Two kinds of scones come through the Savvy Kitchen.
The first are what you might call traditional or “real” scones. These are the kind that are filled with butter and melt in your mouth, but should probably only be enjoyed on occasion.

The second are my “Savvy Scones.” The butter-less (and in this case, oil-less) morsels that are just as tender and delicious as the first kind, but much healthier. I’ve perfected the technique, and love playing around with new flavor combinations.
Like these pumpkin spice scones, for example. After all, it is the season for pumpkin!
Pumpkin Spice Savvy Scones
These scones are slightly sweet with a dash of pumpkin spice flavor. For more ‘pumpkin spice’ flavor, add more cinnamon, allspice and nutmeg. These scones contain no butter or oil, so they make for a great healthy snack or breakfast addition.
Makes 16
Prep Time: 20 minutes
Cook Time: 15 minutes
3 1/4 cup whole wheat pastry flour
1/2 packed cup light brown sugar
2 tablespoons baking powder
1/4 teaspoon salt
1 1/2 teaspoons ground cinnamon
1/2 teaspoon ground nutmeg
1/4 teaspoon ground allspice
1/3 cup pumpkin pie filling
1 cup skim milk
Preheat oven to 400F and grease a large cookie sheet.
Whisk the dry ingredients together in a large mixing bowl. Add the pumpkin and stir to distribute evenly.

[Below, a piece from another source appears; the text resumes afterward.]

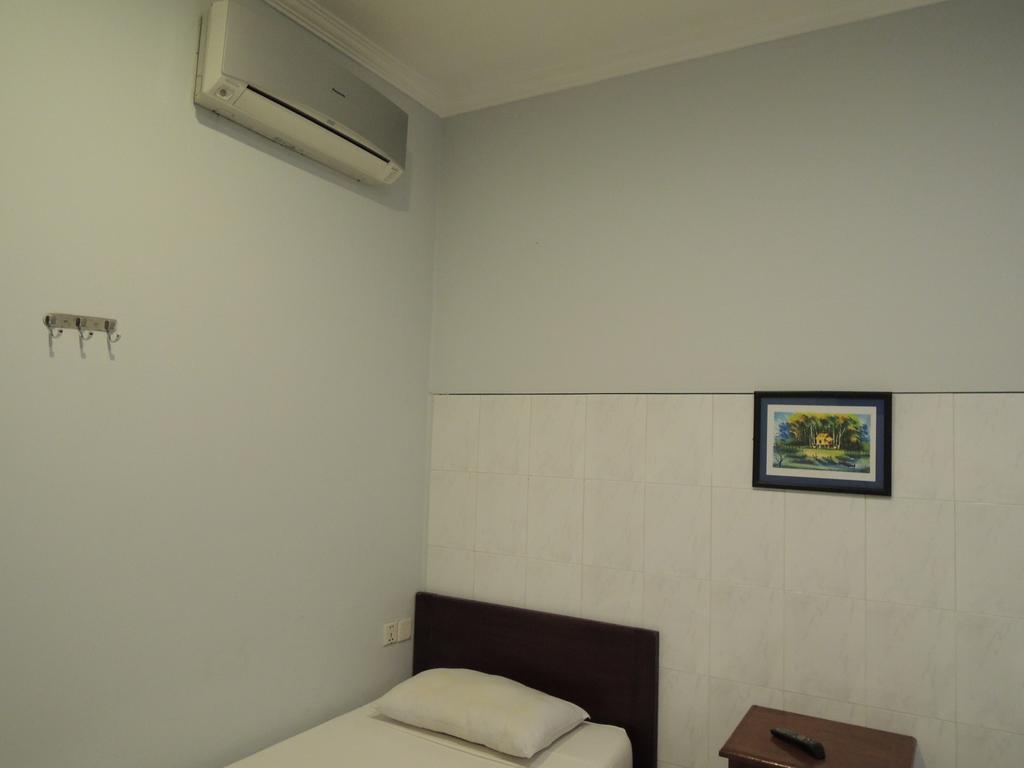 Europe Guest House Phnom Penh Ngoại thất bức ảnh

Add the milk in three parts, stirring well after each addition. In the end, you should have a slightly-sticky dough.
Divide the dough into two equal parts, and pat each into a 3/4″ thick disk on the cookie sheet. Evenly divide each disk into 8 wedges, sliding the pieces apart so that the edges cook evenly.
Bake at 400F for 11-14 minutes, or until the tops and sides of the scones are firm to the touch. After five minutes, transfer to a wire rack to cool completely.